J’ai joué des parties simultanées partout dans le monde. De Montréal à Porto Alegre, en passant par Buenos Aires. Avec des téléspectateurs comme Vargas Llosa, François Gourd et le pape François, qui m’a dit avoir apprécié mes terceras dans ABC. J’ai aussi beaucoup joué avec Cioran, Ionesco, Topor… Et très peu avec Dalí, qui jouait magnifiquement. Et beaucoup avec Gala. Des centaines de fois ? Duchamp m’a avoué, en 1958, qu’il allait créer « Étant donnés », le grand projet secret de sa vie. Une collection qu’il faut entrevoir à travers deux judas dans une porte en bois. À l’intérieur, entre autres, un tableau représentant une femme nue allongée, le visage caché, les jambes ouvertes. La première grande installation d’art contemporain. Il n’a été révélé au public qu’après avoir été « occulté »… c’est le mot que nous employons pour ne pas dire mourir. Mel Gussow reconnaissait dans le New York Times, que j’étais le seul survivant des quatre avatars de l’émerveillement : Dada, le Surréalisme, la ‘Pataphysique et Pan.
Cinq « pseudo-arrabalesques » pour Marcel Duchamp
« …Cioran : je ne sais pas jouer aux échecs, suis-je toujours plus contre que pour ? »
« …Ionesco : Échec et mat : rien ne coûte plus cher que le bonheur ? »
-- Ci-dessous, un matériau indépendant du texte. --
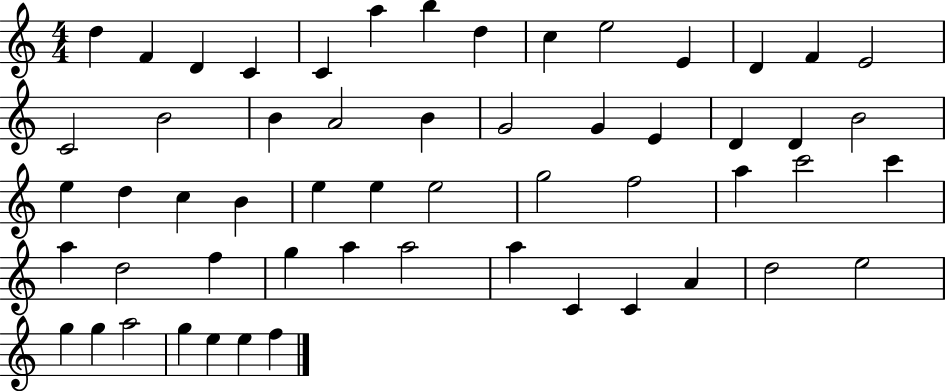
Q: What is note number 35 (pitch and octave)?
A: A5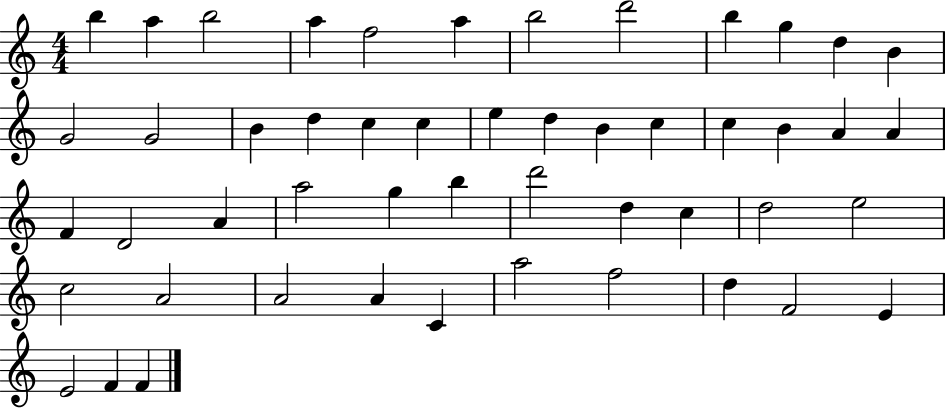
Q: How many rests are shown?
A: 0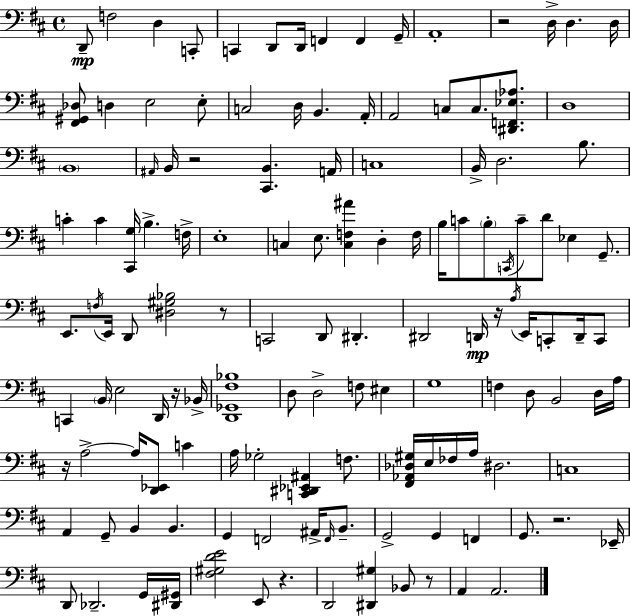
X:1
T:Untitled
M:4/4
L:1/4
K:D
D,,/2 F,2 D, C,,/2 C,, D,,/2 D,,/4 F,, F,, G,,/4 A,,4 z2 D,/4 D, D,/4 [^F,,^G,,_D,]/2 D, E,2 E,/2 C,2 D,/4 B,, A,,/4 A,,2 C,/2 C,/2 [^D,,F,,_E,_A,]/2 D,4 B,,4 ^A,,/4 B,,/4 z2 [^C,,B,,] A,,/4 C,4 B,,/4 D,2 B,/2 C C [^C,,G,]/4 B, F,/4 E,4 C, E,/2 [C,F,^A] D, F,/4 B,/4 C/2 B,/2 C,,/4 C/2 D/2 _E, G,,/2 E,,/2 F,/4 E,,/4 D,,/2 [^D,^G,_B,]2 z/2 C,,2 D,,/2 ^D,, ^D,,2 D,,/4 z/4 A,/4 E,,/4 C,,/2 D,,/4 C,,/2 C,, B,,/4 E,2 D,,/4 z/4 _B,,/4 [D,,_G,,^F,_B,]4 D,/2 D,2 F,/2 ^E, G,4 F, D,/2 B,,2 D,/4 A,/4 z/4 A,2 A,/4 [D,,_E,,]/2 C A,/4 _G,2 [C,,^D,,_E,,^A,,] F,/2 [^F,,_A,,_D,^G,]/4 E,/4 _F,/4 A,/4 ^D,2 C,4 A,, G,,/2 B,, B,, G,, F,,2 ^A,,/4 F,,/4 B,,/2 G,,2 G,, F,, G,,/2 z2 _E,,/4 D,,/2 _D,,2 G,,/4 [^D,,^G,,]/4 [^F,^G,DE]2 E,,/2 z D,,2 [^D,,^G,] _B,,/2 z/2 A,, A,,2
« …Tzara : j’ai joué contre Lénine à Londres, ce qui l’a empêché d’être dadaïste, et qui m’a empêché d’être léniniste ensuite ? »
« …Benjamin Péret : un traité d’échecs concret est-il valable si l’idée est abstraite ? »
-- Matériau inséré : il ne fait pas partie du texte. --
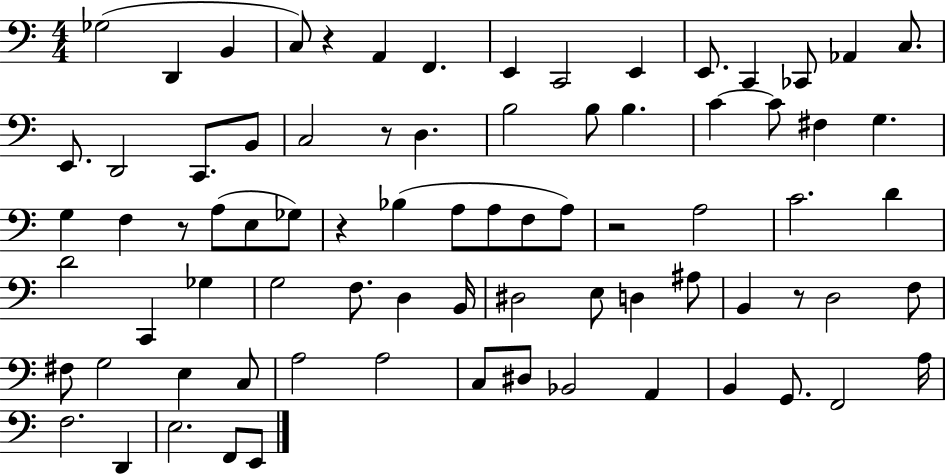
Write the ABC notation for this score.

X:1
T:Untitled
M:4/4
L:1/4
K:C
_G,2 D,, B,, C,/2 z A,, F,, E,, C,,2 E,, E,,/2 C,, _C,,/2 _A,, C,/2 E,,/2 D,,2 C,,/2 B,,/2 C,2 z/2 D, B,2 B,/2 B, C C/2 ^F, G, G, F, z/2 A,/2 E,/2 _G,/2 z _B, A,/2 A,/2 F,/2 A,/2 z2 A,2 C2 D D2 C,, _G, G,2 F,/2 D, B,,/4 ^D,2 E,/2 D, ^A,/2 B,, z/2 D,2 F,/2 ^F,/2 G,2 E, C,/2 A,2 A,2 C,/2 ^D,/2 _B,,2 A,, B,, G,,/2 F,,2 A,/4 F,2 D,, E,2 F,,/2 E,,/2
« …pendant que nous jouions, Tzara me demanda : “Que pensent de moi tes amis du café surréaliste ?” Il ne pouvait pas savoir que la plupart d’entre eux, malheureusement, ne le connaissaient pas ? »
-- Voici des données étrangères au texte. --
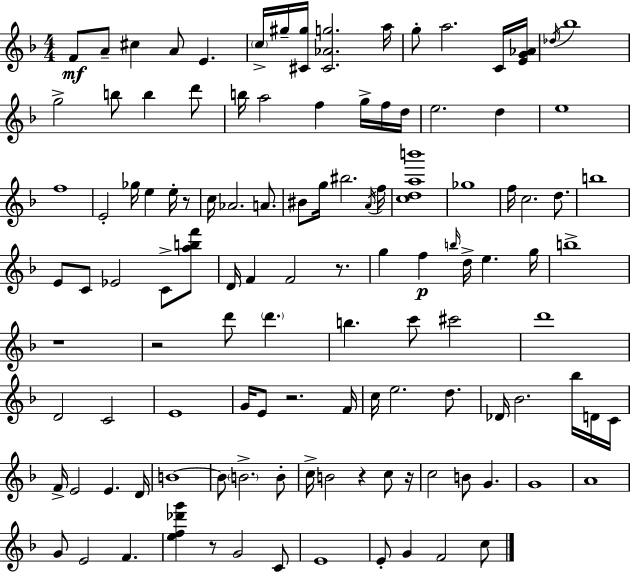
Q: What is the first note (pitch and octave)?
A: F4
« …concentré avec Beckett sur la partie : il releva la tête un instant : “l’absurde, quelle absurdité !” »
« …Éluard : je progresse lentement, mais je me laisse acculer à pleine vitesse ? »
« …Octavio Paz : la partie s’est éteinte, comme un volcan ? »
« …Aragon : ces traités d’échecs parlent bien, mais comme ils s’expriment mal ! »
« …Man Ray : pendant la partie, je m’attendais au pire, mais quand le pire est arrivé, n’étais-je pas préparé ? »
Photos





Un vrai régal. C’est merveilleux d’avoir joué aux échecs avec la culture d’un siècle et au-delà et de nous en faire part.
Pourtant, il n’y a pas de sport plus violent que les échecs.
Transformer une faiblesse en force et un handicap en un atout, est un art intérieur accessible à tous, mais que bien peu pratiquent à part Magnus Carlsen.
Les échecs, c’est brutal. Il suffit de voir avec quelle rage le champion MC a tapé du poing le plateau du jeu après avoir perdu. Les joueurs ne devraient jamais porter des armes sur eux.
Évidemment, Gandhi ne savait pas jouer aux échecs.